Morrissey blames UK print media in response to criticism over far-right political stance
Morrissey has given his first public statement following the mass criticism of his controversial far-right political stance.
Only yesterday it was reported that Spillers, the worlds oldest record store, had banned the sale of Morrissey records due to his public support of far-right political movement ‘For Britain’. On top of that, Liverpool Merseyrail has today announced the decision to ban all Morrissey promotional posters from their property.
The ‘For Britain Movement’ is a political group—often described as extremist—founded by the anti-Islam activist Anne Marie Waters after she was defeated in the 2017 UKIP leadership.
Morrissey had initially voiced his support of For Britain in an interview, saying: “For Britain has received no media support and have even been dismissed with the usual childish ‘racist’ accusation…I don’t think the word ‘racist’ has any meaning any more, other than to say ‘you don’t agree with me, so you’re a racist.’ People can be utterly, utterly stupid.”
What has ensued has been a very public backing of the movement from the former Smiths frontman, which has included some high profile controversial comments and, twice in recent weeks, Morrissey has been spotted wearing a For Britain badge, most prominently during a performance on Jimmy Fallon’s major American TV show.
For Britain has been largely labeled as dangerous members of the political spectrum, Morrissey’s decision to support them has been heavily criticised by Journalist and ex-friend of Morrissey Dave Haslam: “My former friend sporting a For Britain badge, a party violently anti-Islam, filled with ex-BNP and ex-EDL, pro-privatisation, far right and prone to exploiting tragedies to disseminate divisive anti-immigrant rhetoric online, what happened to ‘It takes guts to be gentle and kind’?” Haslam reacted.
Now, on the day Morrissey released his new album California Son, Morrissey thanked BBC Radio 2 for their support and then criticised the UK print media for their interoperation of his current political standpoint. “I am sorry the UK print media’s contorted interpretation of who and what I am has gone all wrong,” Morrissey began. “In these days when most people are afraid to even whisper, the print media write as if someone is coming to get them.”
He continued: “This aching nervousness brings on the vengeful and paranoid.

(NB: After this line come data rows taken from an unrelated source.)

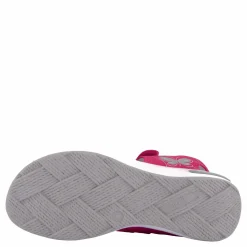 Superfit Emily Pink New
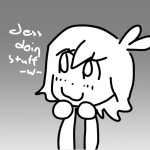 jessdoinstuff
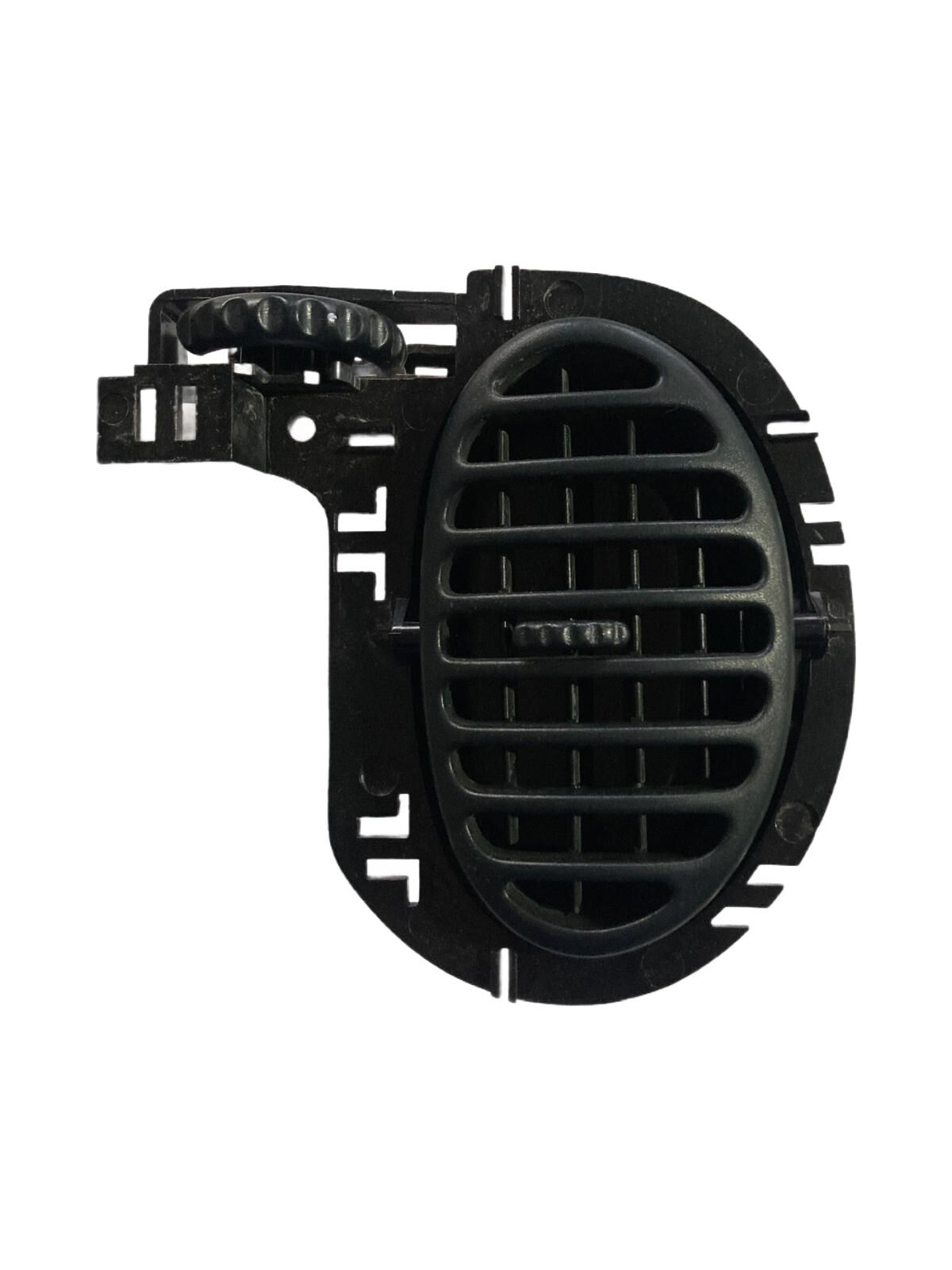 Renault Megane 1 Scenic 1 Sol Yan Kalorifer Izgarası 7700835585/7701468784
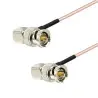 Kabel HD-SDI 3G-SDI 75ohm V3 50m - PREMIUM !!!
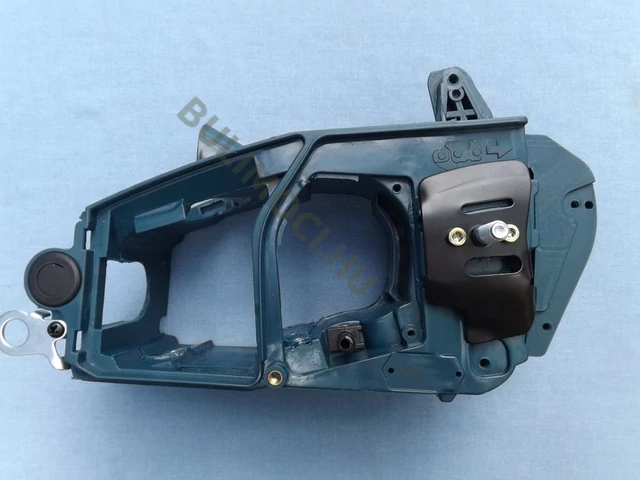 Üzemanyag tank Hyundai láncfűrész alk. HYD-7012-80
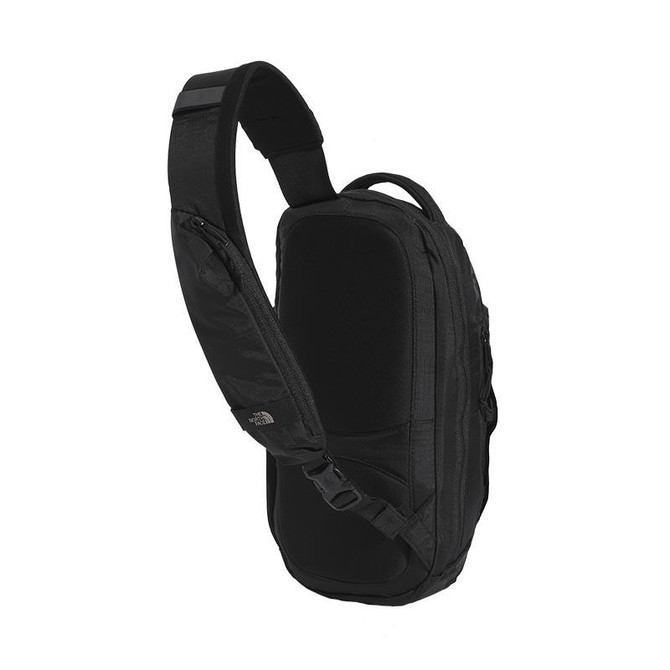  The North Face Borealis Sling 
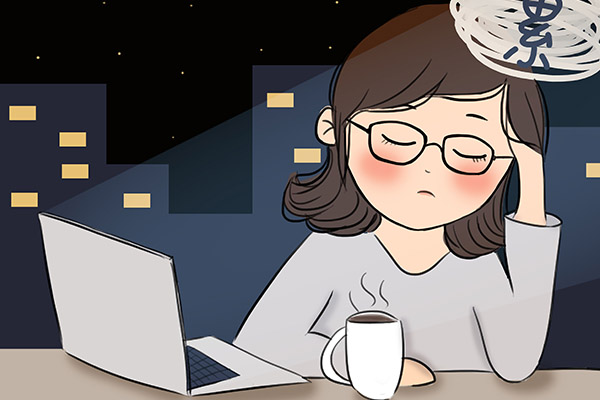 幼儿园小班第二周教学反思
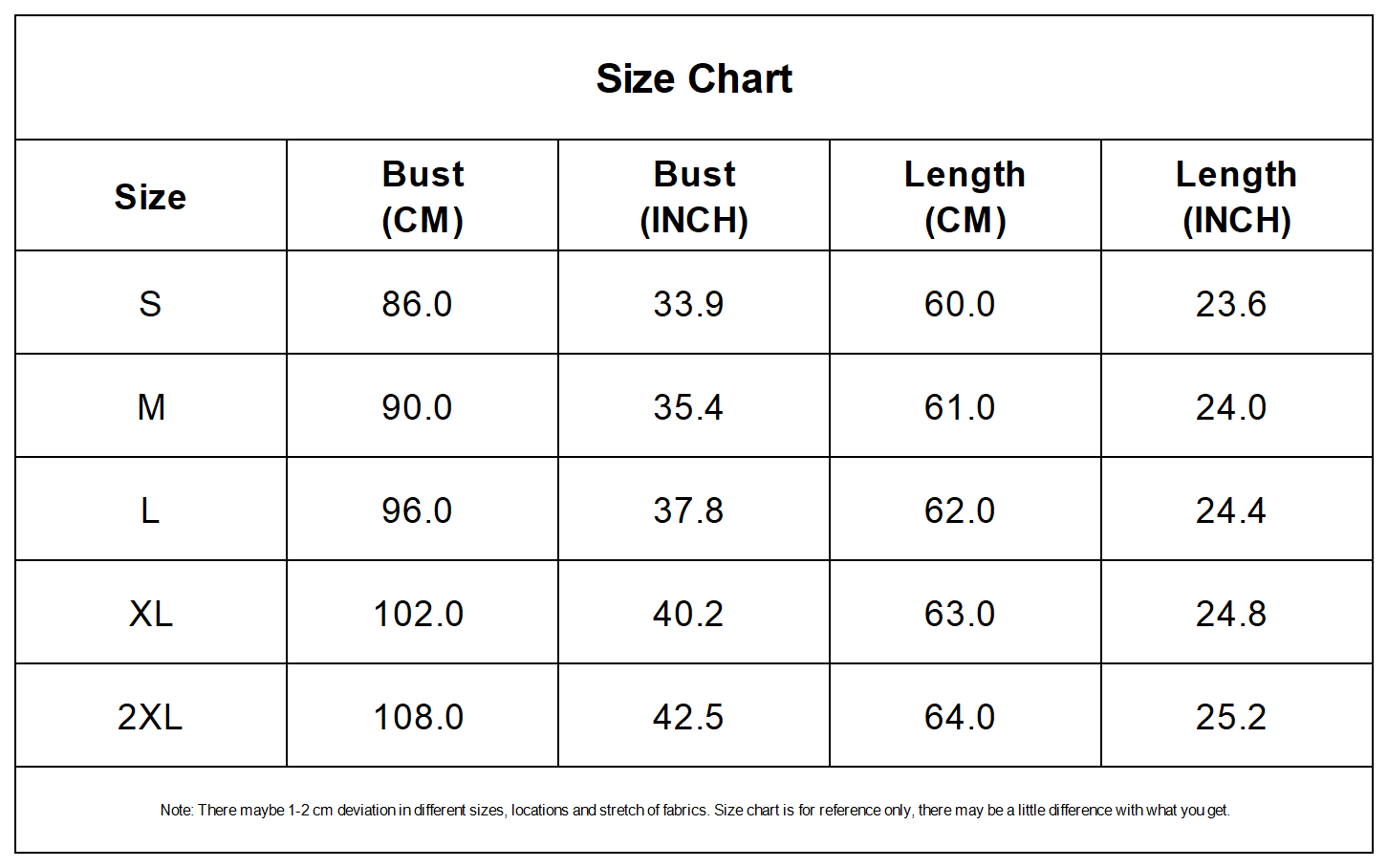 Black Women's Sexy Suspender Skirt Mesh Stand-Up Collar Bra Top for wholesale on Faire1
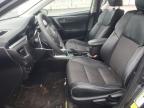 2016 Toyota Corolla L for Sale in Martinez, CA - Rear End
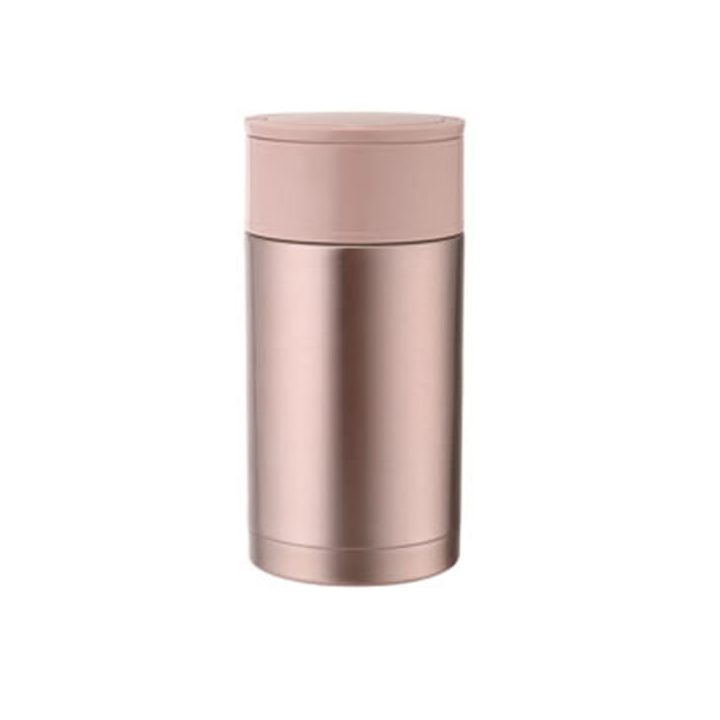 Dinner thermos Maestro 1 1L MR-1636-110 MAESTRO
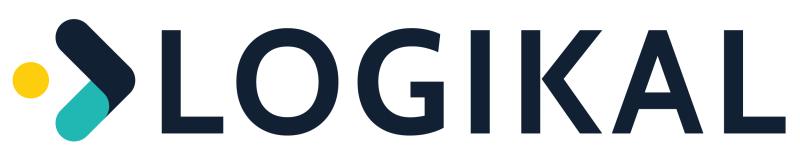 LOGIKAL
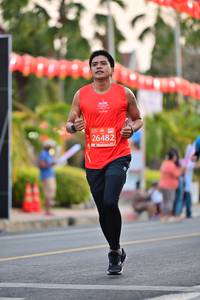 BIB: 26482
                            <button type="button" onclick="openModal(10777357)" class="btn btn-primary btn-sm float-right btn-popup" data-toggle="modal" data-target=".modal-high-quality">
                        <i class="fas fa-shopping-cart"></i> Add to Cart
                    </button>
                                            <button type="button" onclick="isThisMe(10777357, true)" class="btn btn-success btn-sm float-right btn-popup btn-isme hidden" data-toggle="tooltip" data-placement="bottom" title="นี่คือรูปของคุณใช่ไหม คลิกที่นี่เพื่อเอาเข้าอัลบั้ม">
                        <i class="fas fa-plus"></i> Add to album
                    </button>
                    <button type="button" onclick="isThisMe(10777357, false)" class="btn btn-warning btn-sm float-right btn-popup btn-isnotme hidden">
                        <i class="fas fa-ban"></i> Remove from album
                    </button>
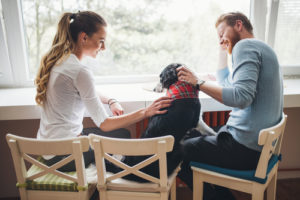 Your Dog Knows About Your Goals and Thinks They're Not Up to Snuff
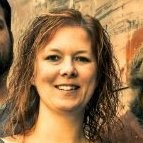 Berners Schober Employee Lori Krause's profile photo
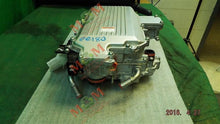 Load image into Gallery viewer, Inverter Honda Accord 2015 - MM957737
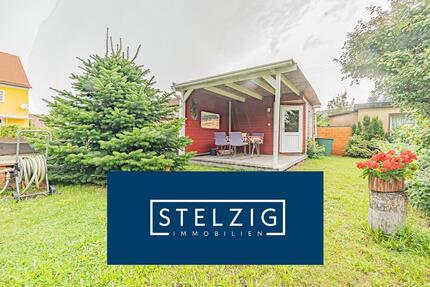 Einfach Zuhause 3 zimmer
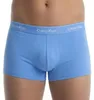 Calvin Klein Unterhose Boxershorts 3er Pack Produktbild-Vorschau 11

Inventing Britain’s doomsday is the preoccupation of the tabloids, and they can hate you for having lived. I straighten up, and my position is one of hope. The march backwards is over, and life has begun again. With voice extended to breaking point, I call for the prosperity of free speech; the eradication of totalitarian control; I call for diversity of opinion; I call for the total abolition of the abattoir; I call for peace, above all; I call for civil society; I call for a so-far unknowable end to brutalities; “No” to Soviet Britain; prayers not to gods but to forces; an end to disingenuous media cluelessness; the people have the power; hatred and beheadings belong in the furnace of history; music might still be your only friend; for every shade and persuasion.
The former Smiths singer added: “We shall always be alongside each other – everyone’s culture of value; no more fashionable outrage; cows are friends to humans – don’t kill them; beware of those who write in headlines; moral fiber means holding on… to your friends; give up on inferior arguments; God gave you your life to enjoy – you will cry for your life in years to come… death always answers back; do not be a nobody; you have survived this far in order to make the remainder peaceful and funny; your very survival proves that you have a right; ignore the cold eyes of fascism; your life is Art.”